Beginning with the line below that contains "This article was" and ending with the line that contains "Welcome to myguide.org.", retype every line exactly. Pictures are not copied.

Exercise materials:
+++
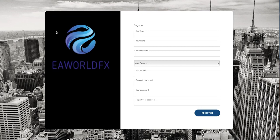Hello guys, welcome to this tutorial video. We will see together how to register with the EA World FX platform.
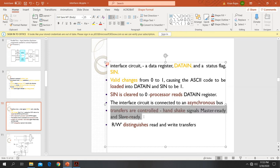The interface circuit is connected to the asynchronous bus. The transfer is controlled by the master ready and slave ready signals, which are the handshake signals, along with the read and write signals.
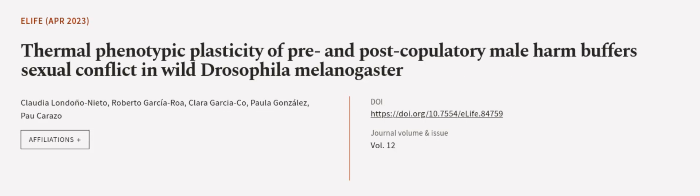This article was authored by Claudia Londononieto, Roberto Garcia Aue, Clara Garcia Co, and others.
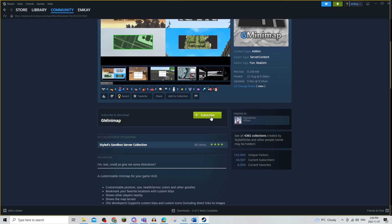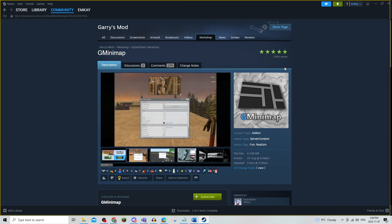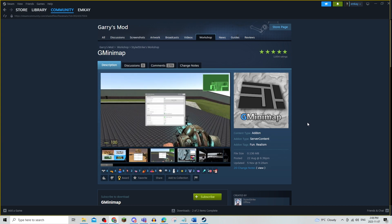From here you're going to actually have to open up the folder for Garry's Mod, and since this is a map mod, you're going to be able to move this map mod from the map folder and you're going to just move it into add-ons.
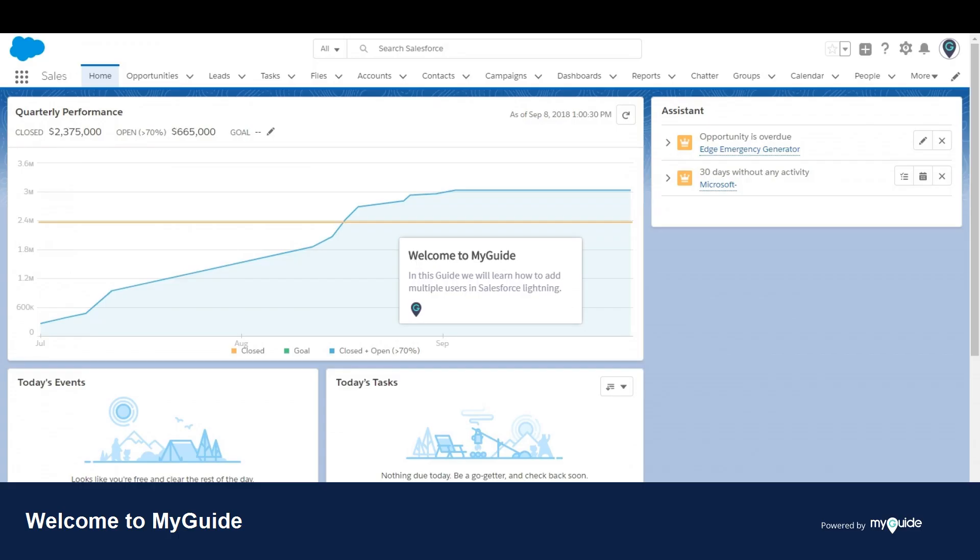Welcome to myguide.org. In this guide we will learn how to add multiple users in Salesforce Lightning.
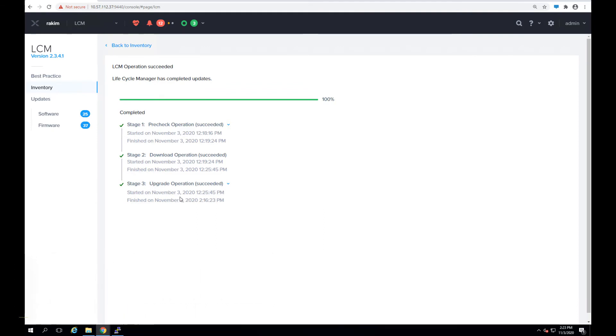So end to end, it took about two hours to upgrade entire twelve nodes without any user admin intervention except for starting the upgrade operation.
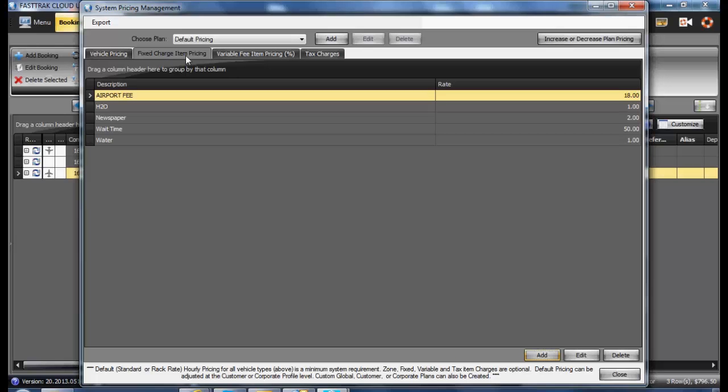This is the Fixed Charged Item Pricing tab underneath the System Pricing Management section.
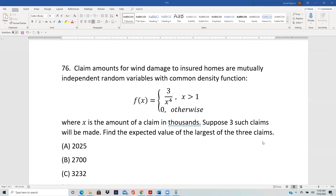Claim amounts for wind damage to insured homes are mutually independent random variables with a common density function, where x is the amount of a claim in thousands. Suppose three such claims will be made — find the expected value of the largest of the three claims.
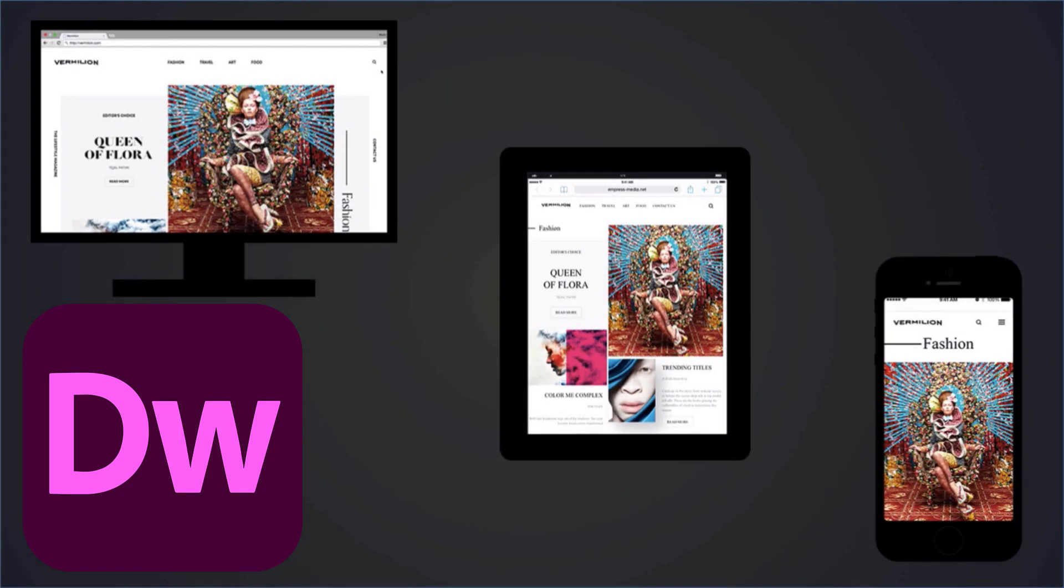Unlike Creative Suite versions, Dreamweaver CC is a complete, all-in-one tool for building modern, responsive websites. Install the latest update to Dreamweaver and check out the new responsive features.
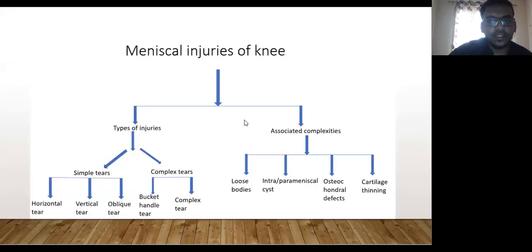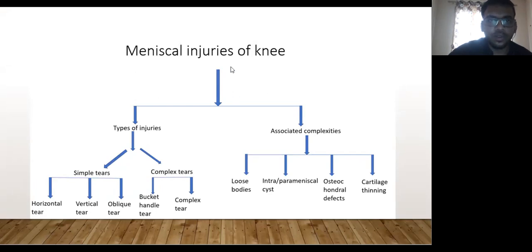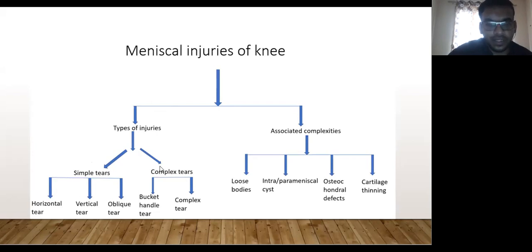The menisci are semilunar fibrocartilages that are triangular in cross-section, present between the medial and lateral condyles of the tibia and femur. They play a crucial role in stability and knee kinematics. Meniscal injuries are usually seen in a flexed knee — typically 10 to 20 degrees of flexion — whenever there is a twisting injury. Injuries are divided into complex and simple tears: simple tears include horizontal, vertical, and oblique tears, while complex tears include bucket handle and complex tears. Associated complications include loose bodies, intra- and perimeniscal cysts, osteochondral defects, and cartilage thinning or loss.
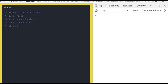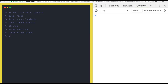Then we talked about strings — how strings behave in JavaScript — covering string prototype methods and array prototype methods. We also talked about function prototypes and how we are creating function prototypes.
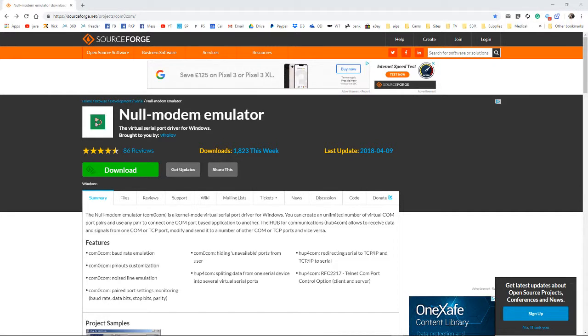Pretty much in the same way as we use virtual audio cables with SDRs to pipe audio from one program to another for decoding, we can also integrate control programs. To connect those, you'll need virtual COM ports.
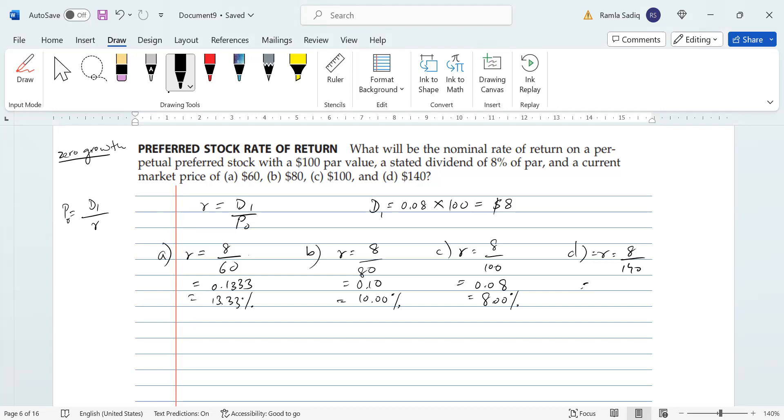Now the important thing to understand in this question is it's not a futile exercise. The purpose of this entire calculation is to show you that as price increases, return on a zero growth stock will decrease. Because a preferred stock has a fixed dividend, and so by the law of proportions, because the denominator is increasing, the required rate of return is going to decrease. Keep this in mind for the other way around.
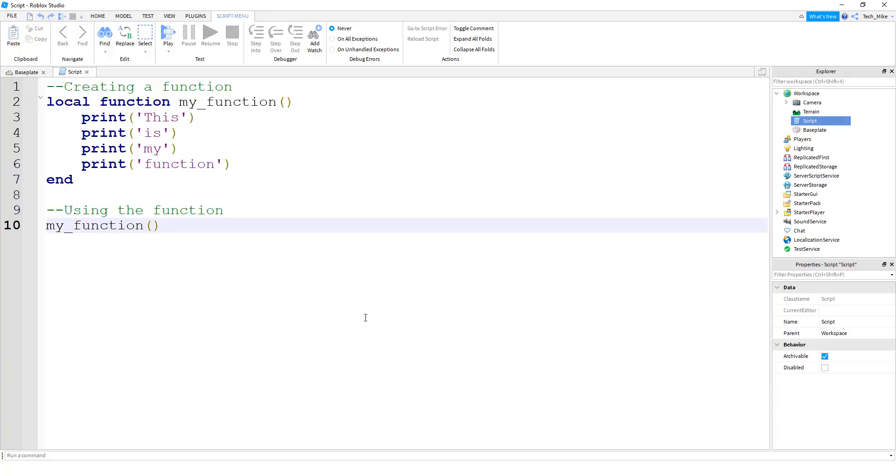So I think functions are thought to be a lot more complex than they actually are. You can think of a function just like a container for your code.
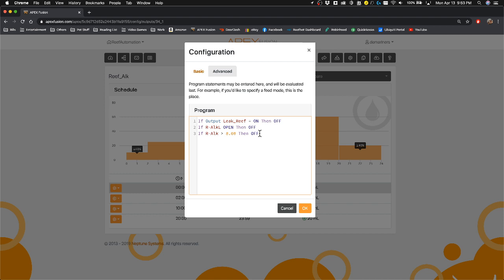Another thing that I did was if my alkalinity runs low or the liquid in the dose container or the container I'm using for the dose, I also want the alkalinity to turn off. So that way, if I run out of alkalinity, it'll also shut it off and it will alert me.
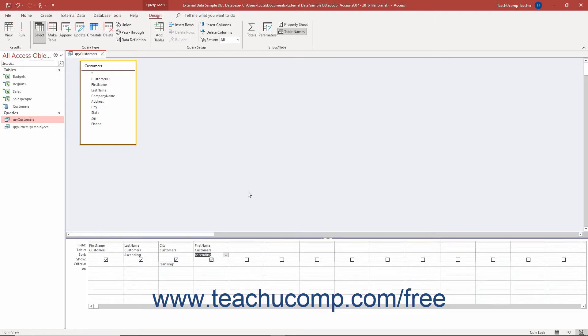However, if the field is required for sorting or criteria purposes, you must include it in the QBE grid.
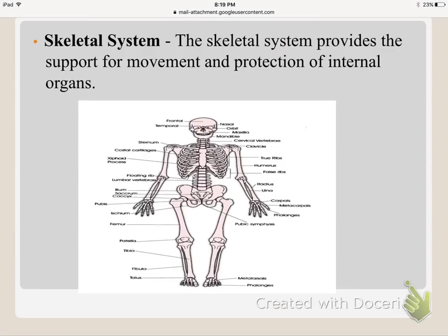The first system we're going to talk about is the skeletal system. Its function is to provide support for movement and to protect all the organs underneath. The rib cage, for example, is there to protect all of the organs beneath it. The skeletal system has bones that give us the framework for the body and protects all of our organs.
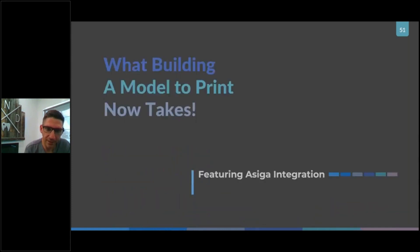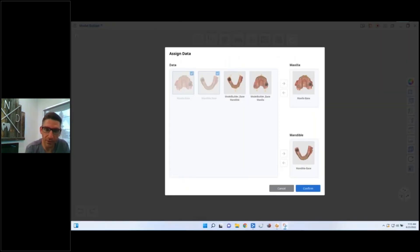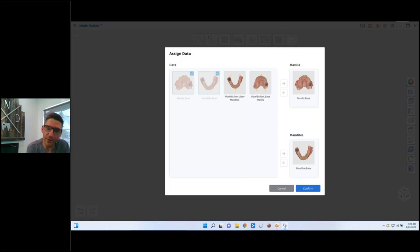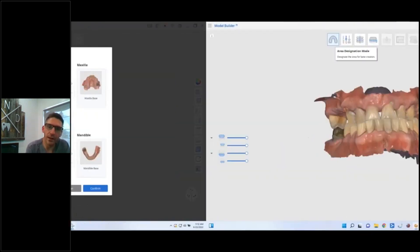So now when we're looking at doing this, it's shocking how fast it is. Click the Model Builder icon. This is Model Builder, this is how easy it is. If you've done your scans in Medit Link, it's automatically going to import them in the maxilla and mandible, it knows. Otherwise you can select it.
+++
Output below:
This article was authored by Claudia Londononieto, Roberto Garcia Aue, Clara Garcia Co, and others.
From here you're going to actually have to open up the folder for Garry's Mod, and since this is a map mod, you're going to be able to move this map mod from the map folder and you're going to just move it into add-ons.
Welcome to myguide.org. In this guide we will learn how to add multiple users in Salesforce Lightning.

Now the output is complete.